Times are changing. If you are experiencing more and more client questions or requirements pertaining to compliance certifications and audits, you know what I'm talking about.
"Inherit" may seem like one of those terms-of-art used by insiders, but information technology professionals use it here to indicate a benefit from association. Once you understand the process, "inherit" sounds good.
- A web computing platform, or data center, submits itself to formal audits and certification processes receiving third-party compliance and security certifications.
- The SaaS company providing a debt collection software platform provides their software service hosted on those web servers. The certifications for security and compliance (e.g. FISMA, Tier III, HIPAA, SOC-III) then apply to the software company, effectively being "inherited" by the association. Then the software company goes through its own certifications (for example, InterProse goes through SSAE18 audits, SOC-I Type-II, PCI DSS, Penetration Testing)
- A customer, like yourself, subscribes to said SaaS platform, and immediately "inherits" the SaaS company's compliance and security certifications as well as what the web computing or data center company passes along to the SaaS company.
You may find yourself in one of four categories:
- Your software is web-based, probably hosted by a data center, but cannot provide the level of security or compliance required by your customers. If you are getting data backups with your service, it may not meet compliance rules.
- Your software provider set you up on a remote server but you are still responsible for its security and compliance, and it's costing you a fortune every year. Data backups are on you, and boy are they expensive and time consuming.

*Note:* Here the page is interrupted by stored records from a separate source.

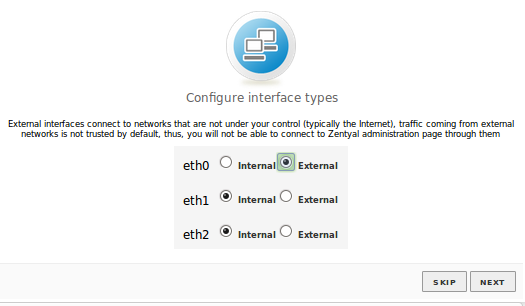 Configuration of network interfaces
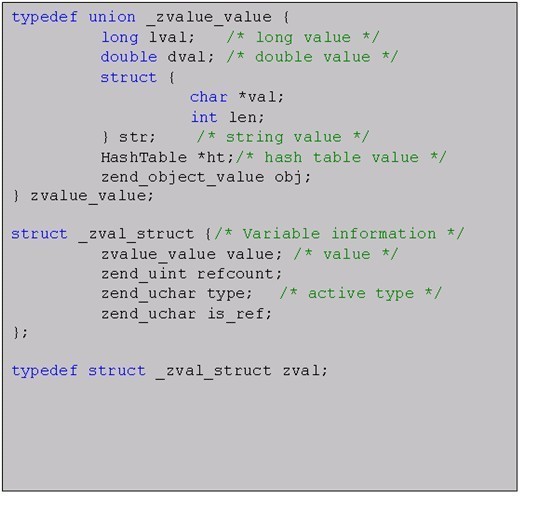 编程菜鸟要学习PHP底层运行机制与原理要注意什么?_html_html5_php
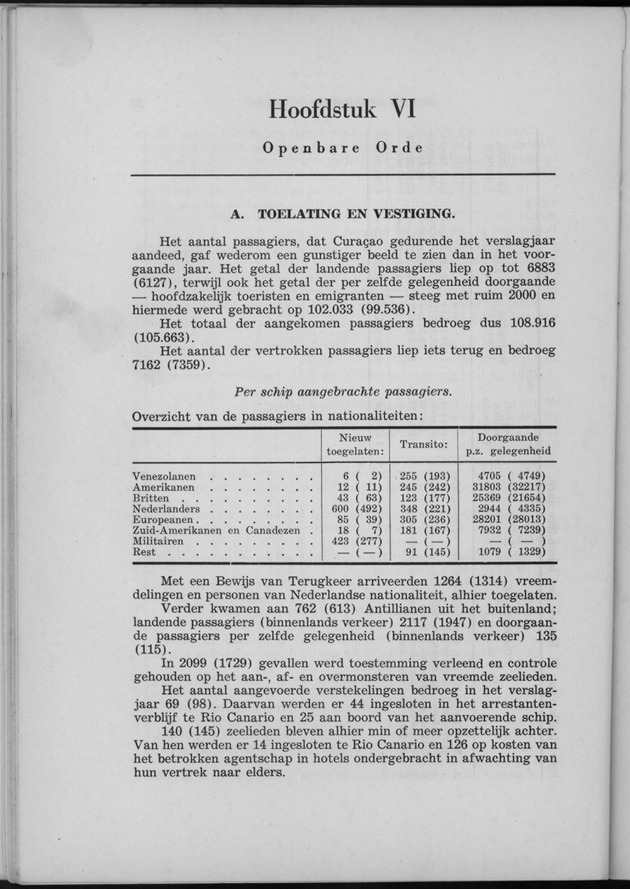 Verslag van de toestand van het eilandgebied Curacao 1956 - Page 34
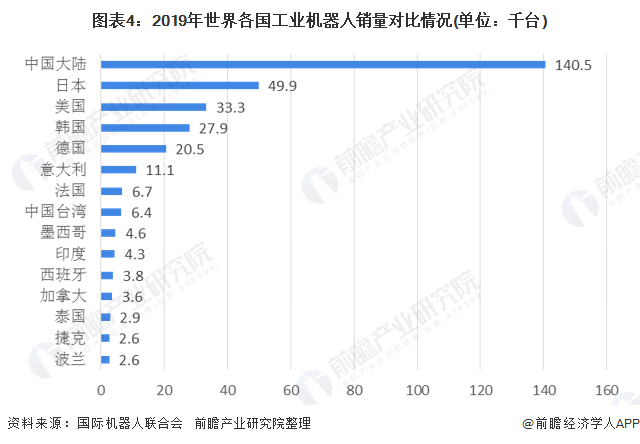 湖州三维力传感器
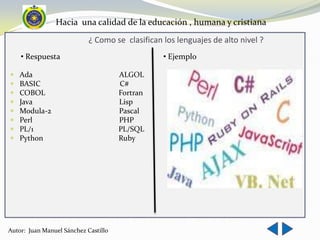Hacia una calidad de la educación , humana y cristiana
                            ¿ Como se clasifican los lenguajes de alto nivel ?
    • Respuesta                                  • Ejemplo

   Ada                               ALGOL
   BASIC                             C#
   COBOL                             Fortran
   Java                              Lisp
   Modula-2                          Pascal
   Perl                              PHP
   PL/1                              PL/SQL
   Python                            Ruby




Autor: Juan Manuel Sánchez Castillo
 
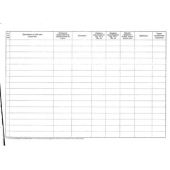 Регистър на заповедите за прекратяване на трудови договори Меки корици, вестник, А4 100 л.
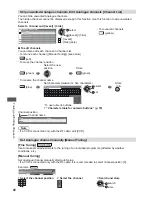 Предварительный просмотр 40 страницы Panasonic TX-L32X3B Operating Instructions Manual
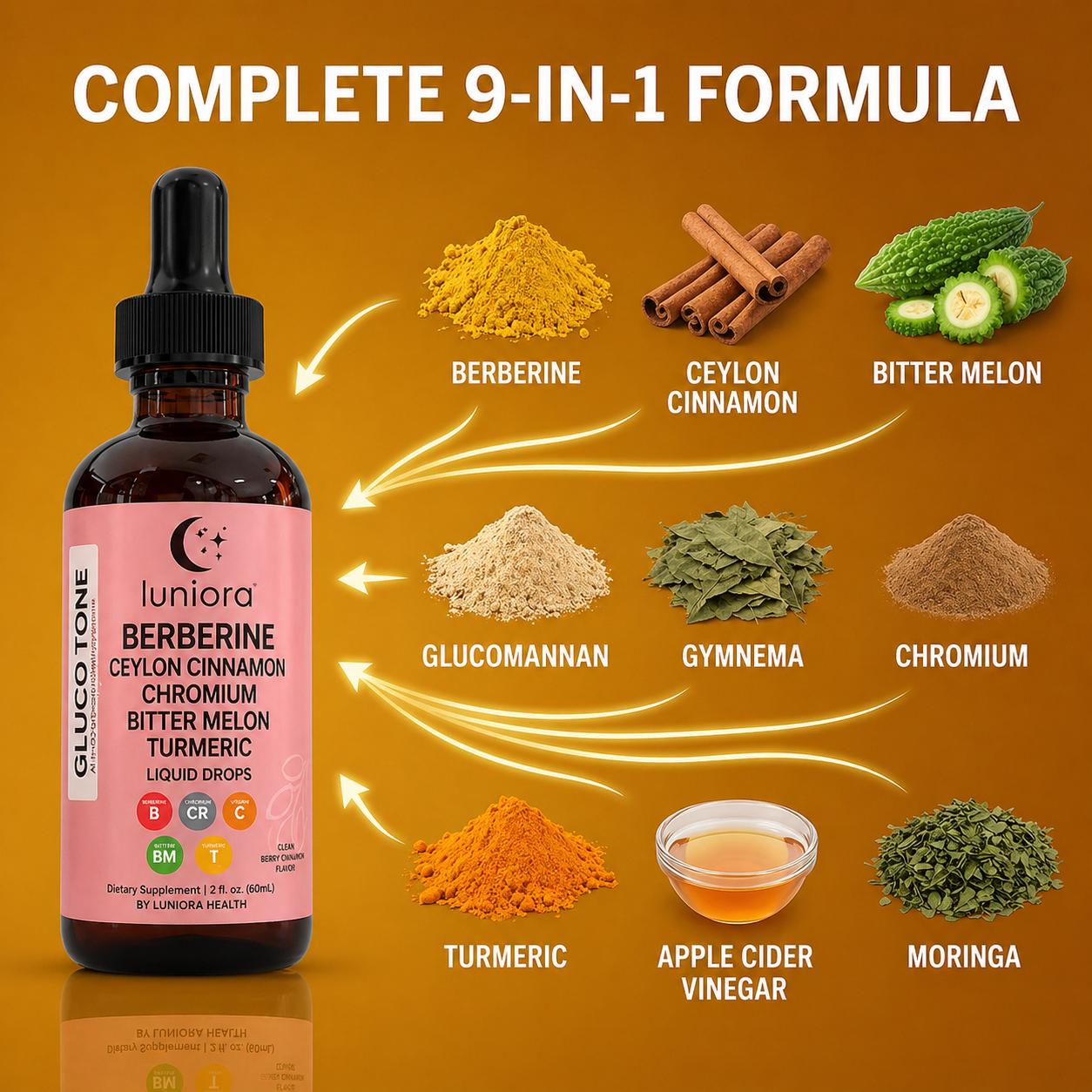 Berberine Drop
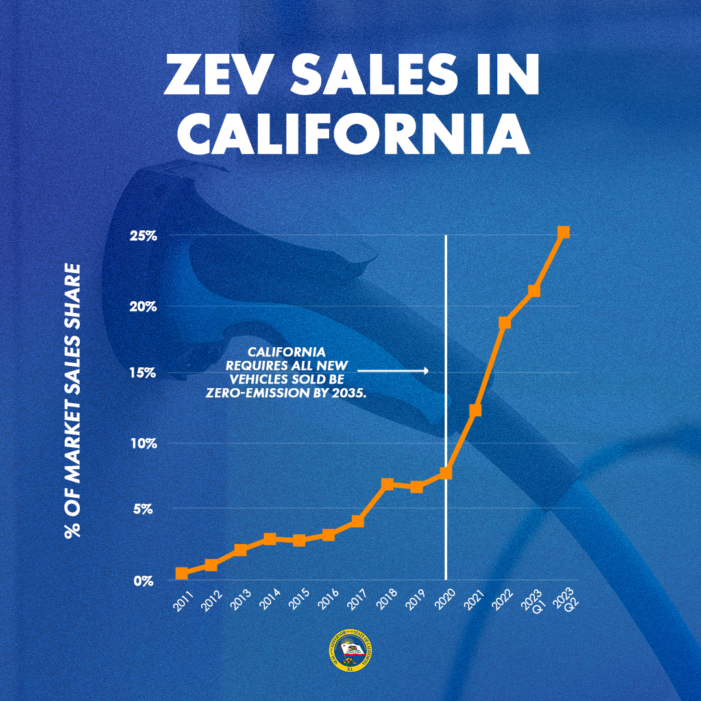 1 in 4 New Cars Sold in California Were Zero-Emission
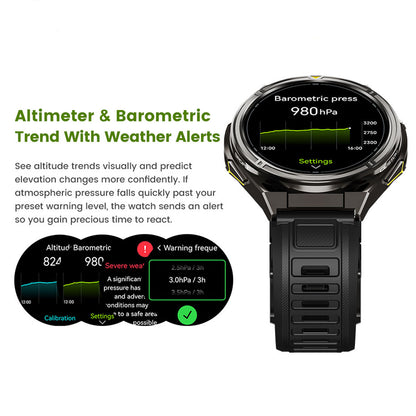 VWAR Tank X2 Pro Smartwatch – GPS-Offline-Karten/Musik, AMOLED-Display, 5 ATM wasserdicht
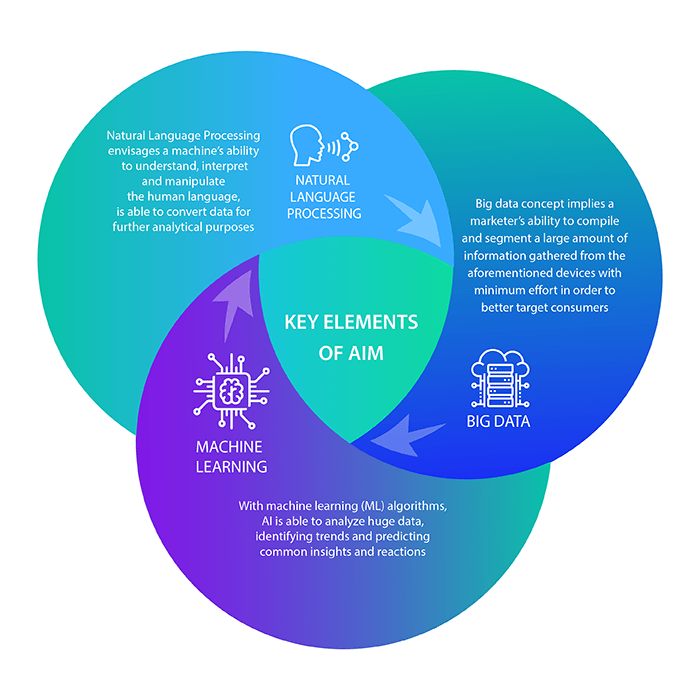  Key Elements in Marketing 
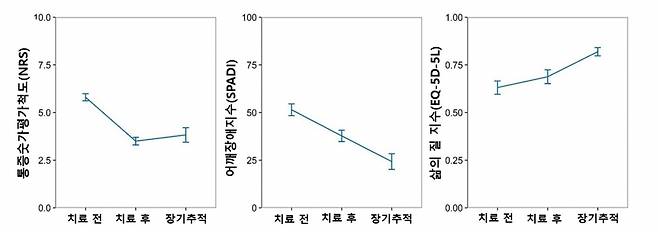 [사진설명] 한의통합치료 이후 회전근개파열 환자들의 NRS, SPADI, EQ-5D-DL 등 대부분 지표에서 개선이 관찰됐다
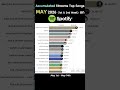 (May 2026) accumulated most streamed songs #spotify #ranking #dropdead #michaeljackson #justinbieber
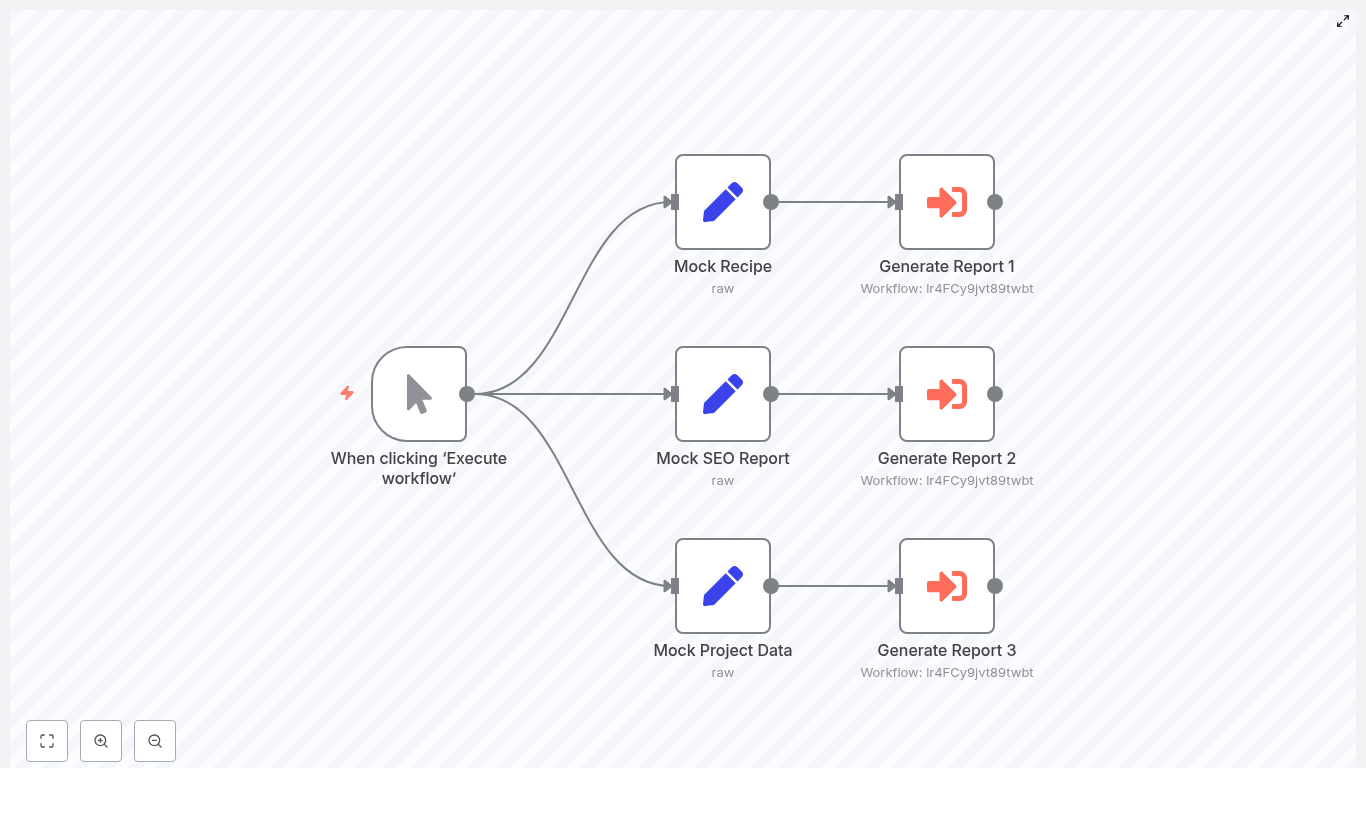 Build a Multi-Report Generator with n8n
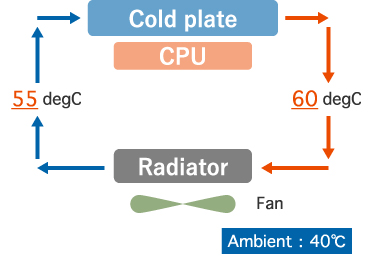 illustration:Expample of SPPs cold plate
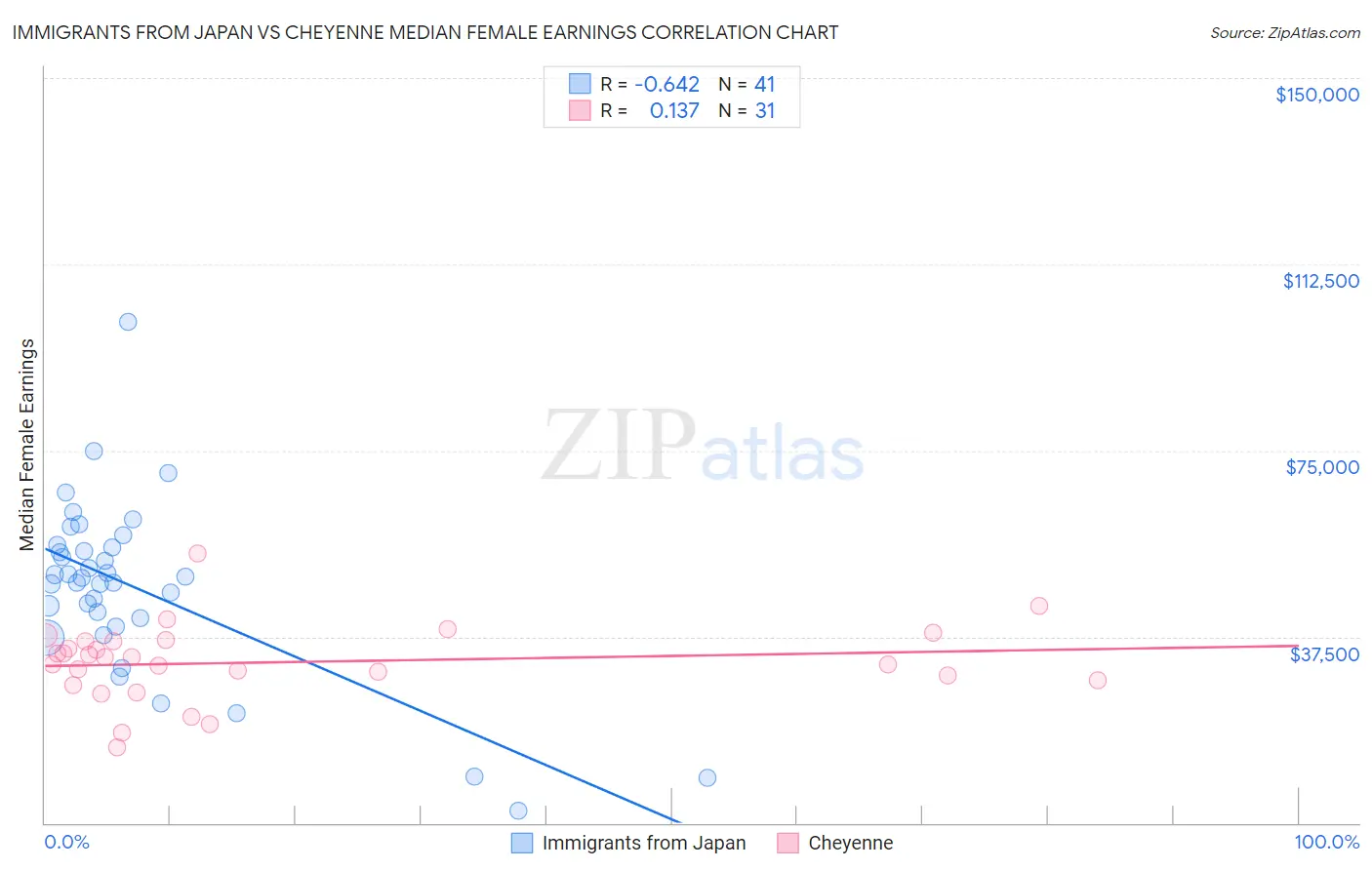 Immigrants from Japan vs Cheyenne Median Female Earnings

- You own your server, having to both keep up with changing security requirements and the costs associated with it is draining you of precious time and treasure. Again, data backups are expensive because they have to be exact copies, kept up to date, and in a different geographic location.
- You run your business on web-based software hosted on a web computing platform like Amazon Web Services, and you inherit every security and compliance standard available just by contracting with your SaaS provider. Your data is also being backed up off-site, meeting all data backup standards.
Bonus Category: You're not keeping up with the certifications or data backups because they are expensive, confusing and onerous, rolling the dice on security and compliance, and waking up in a cold sweat every week.
If you don't know where you fit, I recommend doing research immediately. Staying compliant and secure eliminates liabilities that could not only be disruptive to your business, but potentially close it down or cost piles of money to rectify.
How much money and time can a web-based platform with inherited compliance and security save you? A lot! Grab a sheet of paper and do a quick estimate of your expenditures in this area:
- Licensing fees for databases
- Upgrade fees for software (a SaaS platform should not have upgrade costs)
- Security certification costs
- Server maintenance costs
- Data backups
- SSAE audit costs
- Hours spent by staff on these items (multiply by hourly costs)
- Total it up. Circle it. Now, ceremoniously scribble it out and rip your paper in half. Those expenses can go away with a modern, web-based platform hosted through a reputable web computing platform!
There are not many truly web-based debt collection software platforms available. Fewer still can pass down the highest levels of security and compliance certifications through "inheritance" because they simply do not have them. If you are looking for new software, protect your business by asking detailed questions about security and compliance!